In 1956, Haggard married the first of his five wives: Leona Hobbs, a young woman he'd met one night while on his way to a Bakersfield drive-in stand. He was 19, she was around 16, and the two lived with his brother, Lowell, and his wife. It could've been a critical moment; Haggard started to play in clubs during this time, and became an increasingly skillful singer. But their relationship turned ugly. "My youngest daughter, Kelli," Haggard wrote in 1981, "has a theory about me and her mother. She says God must have wanted to punish us both for some terrible event, so He gave us each other." Haggard was playing Bakersfield clubs during the time – sometimes for free, sometimes for pay – and believed Leona was trying to undermine him. "She liked to hear me sing," he recounted, "or at least that's what people said she said behind my back. To my face, it was always a different story. She was always making fun... I overheard [guitarist] Roy Nichols ask her once why she hadn't been down to the club to hear me sing. She just laughed and told him she had better things to do." For his part, Haggard wasn't ready for the confines of his marriage, which would eventually produce four children. When he went on the run – or ended up in jail, as he did for nine months after stealing a car – he didn't leave means of support for Leona.

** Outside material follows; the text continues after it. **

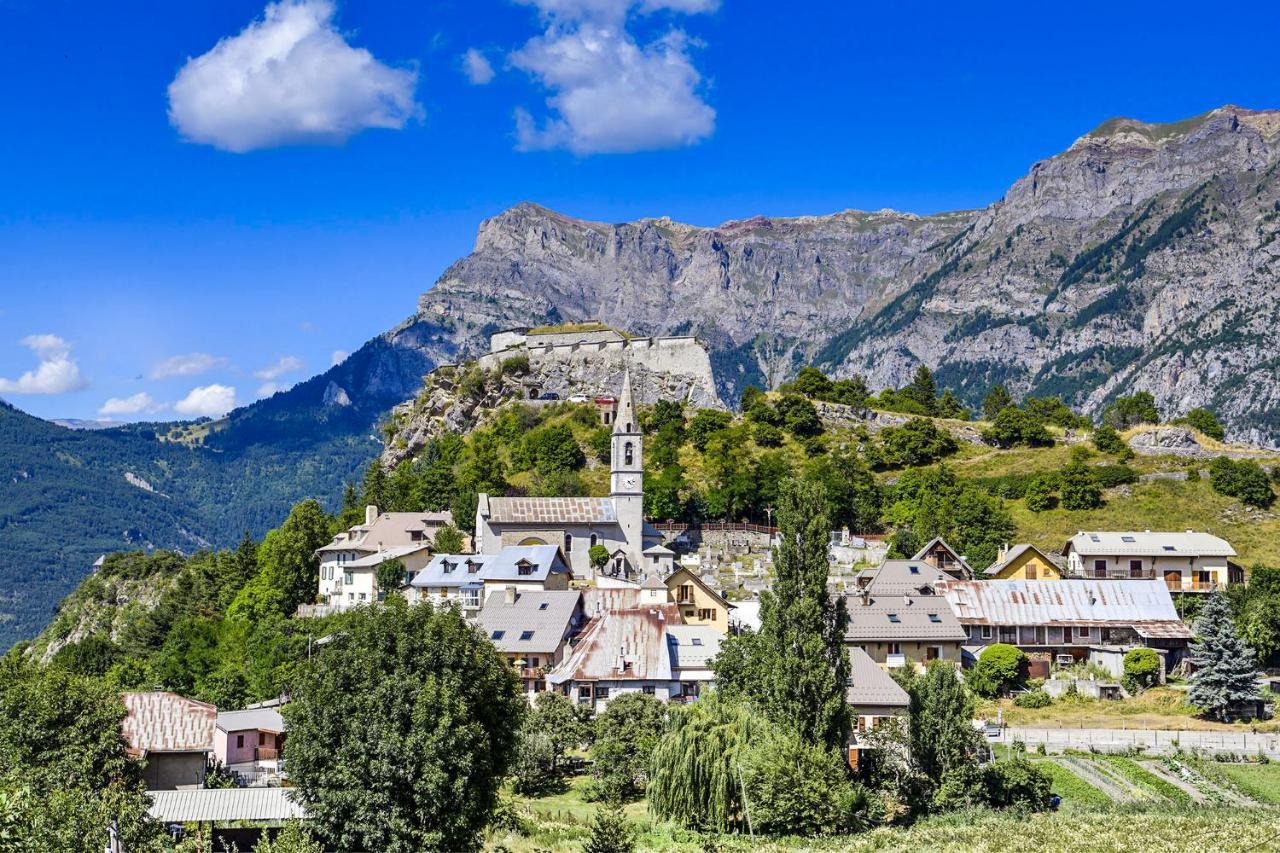 L'Auberge Saint-Vincent-les-Forts Luaran gambar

He missed the delivery of their first child, Dana, during that stretch. Shortly thereafter, he robbed a gas station where he had once worked and headed out to New Mexico to seek work in the oil fields, but there were no jobs and Haggard returned home. The losses were quickly adding up for a young life. "In 1957, I was 20 years old," he said. "I had spent nearly half my life running away or behind bars."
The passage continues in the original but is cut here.